Гиппиус в «Петербургском дневнике» писала: «Большевики и сами знают, что будут свалены так или иначе, — но когда?.. Если большевики падут лишь „в конце концов“ — то, пожалуй, под свалившимися окажется „пустое место“». Написано в 1919 году, издано в России и прочитано мной в 1991-м. Вспомнилось полгода спустя зимой, когда, вернувшись домой, записала:
Заброшенный темный Невский. Косой взгляд в витрины — увы, как и следовало ожидать, — пусто. Потом во второй или третьей по счету булочной — вдруг оживление. Хлеба и булки нет, но в кондитерском — пряники и печенье.
Очередь — человек десять. Пытаюсь встать в хвост, но знаками мне показывают: не то. Оказывается, очередь — все находящиеся в магазине, а просвет — выход для отоварившихся. Очередь молчалива, но общая напряженность велика. К счастью, по словам взмокших от непрерывной работы продавщиц, пряников хватит всем — завоз большой. Это, естественно, удивляет. От кассы — периодически: «Можно еще пробивать? Пряники не кончаются?» И в ответ странное: «Пробивай-пробивай. До закрытия хватит».
Я могла в эту очередь не вставать. Встала, в общем, случайно. Просто не разобравшись в ситуации. Без пряников можно было и обойтись, никто не мешал испечь, скажем, лепешки. Но хлеба и булки мне было сегодня, 11 января, не купить. Свидетельствую. Чтобы купить, нужно было сознательно встать в очередь на два часа (час с лишним на улице).
С пряниками в руках снова иду по Невскому. В почти пустых кассах предварительной продажи билетов в окошечке под стеклом записка: продажи на февраль нет. «Почему?» — спрашивает подошедшая за мной женщина. Я ухожу прежде, чем она получает ответ. Логическое предположение: в феврале будут снова повышены цены. Когда решат, насколько именно, тогда и будут продавать.
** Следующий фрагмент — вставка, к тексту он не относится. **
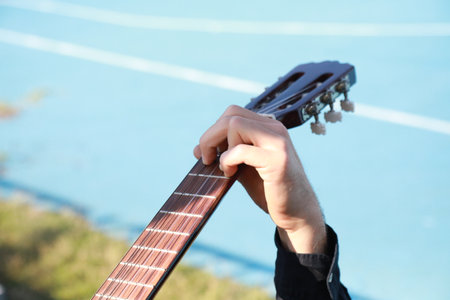 Man Plays Music With Classical Guitar Inexpensive Instrument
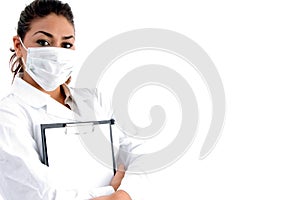 Doctor with mask on her face and writing board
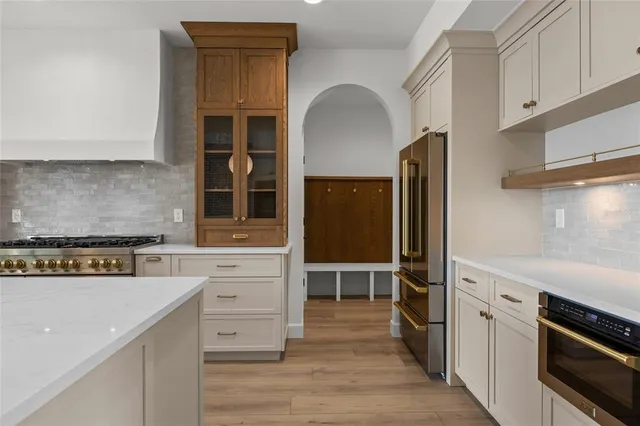a large kitchen with cabinets a sink and appliances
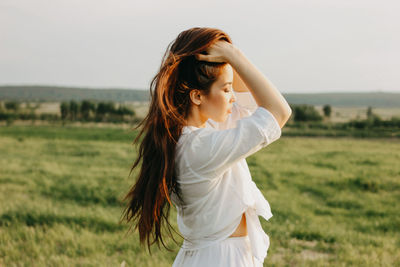 Beautiful young woman with hands in hair standing on land against sky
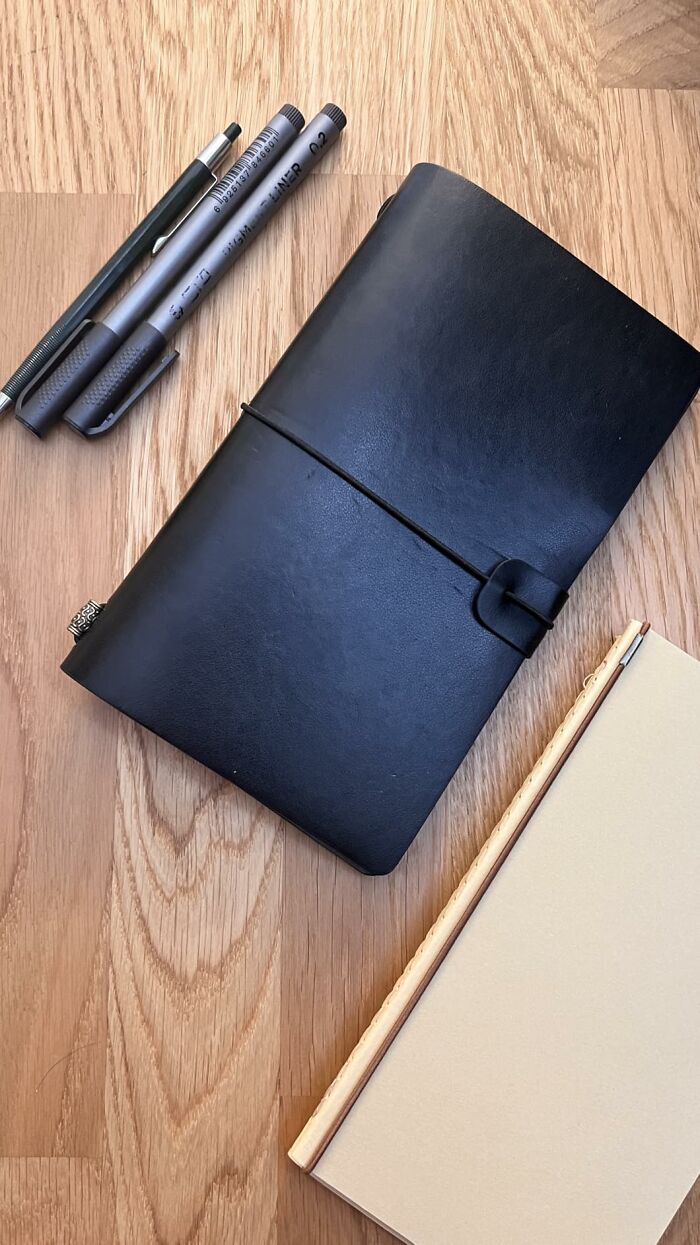 Black leather journal with pens and a beige notebook on wooden surface, ideal gifts for the friend at Hobby Lobby isle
А пока я за полминуты покупаю билет до Даугавпилса. Плачу 40 рублей: вчетверо больше, чем заплатила бы месяц назад, вдвое меньше, чем стоит сейчас коробка печенья.
Не память, а прапамять: город пуст. Вся жизненная начинка смыта, и парусом реет легкость. Гениальный чертеж сверкает во всей ослепительной наготе. Видевшие его в девятнадцатом году писали об этом не раз.
Пустым и легким город был и в моем детстве. Уже исчезли все следы войны, еще не появилась накипь жизни. Голубой бархат Мариинского, гранатовый — Александринки, сосредоточенность университетских лабораторий, запах невской воды, доктор с седой бородкой клинышком, дворник, усердно поливающий клумбу из шланга, учительница, накинувшая на зябкие плечи пуховый платок, — они все оттуда, из той давно не существующей, но еще дышащей страны.